• Activity:
Look below for the line with "Dog Crate –" and the line with "Букет червоних та". Copy exactly those two lines and every line between, but not the pictures.

• Data in this exercise:
* * * * * * * * *
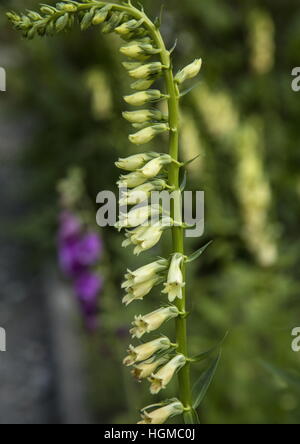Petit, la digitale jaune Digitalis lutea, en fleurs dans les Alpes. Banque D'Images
* * * * * * * * *
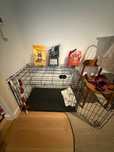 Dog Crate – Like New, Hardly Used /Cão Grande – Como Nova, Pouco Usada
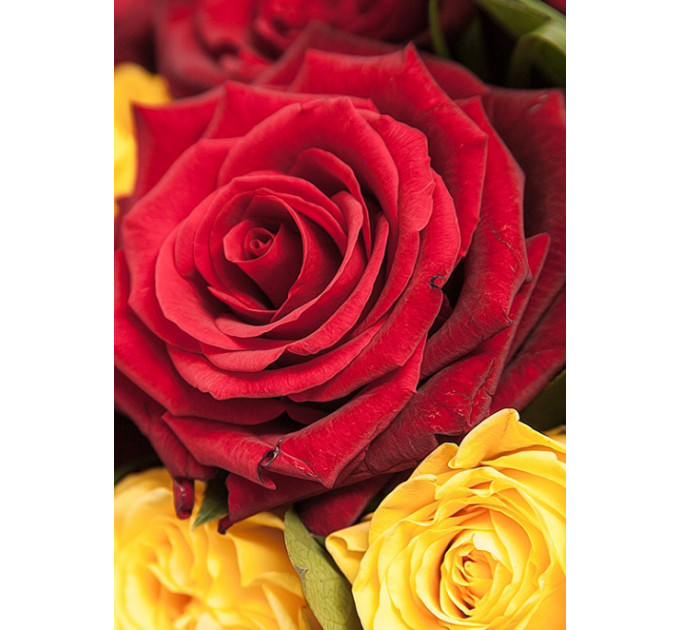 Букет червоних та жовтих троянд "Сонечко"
* * * * * * * * *
• Result of the exercise:
 Dog Crate – Like New, Hardly Used /Cão Grande – Como Nova, Pouco Usada
 Букет червоних та жовтих троянд "Сонечко"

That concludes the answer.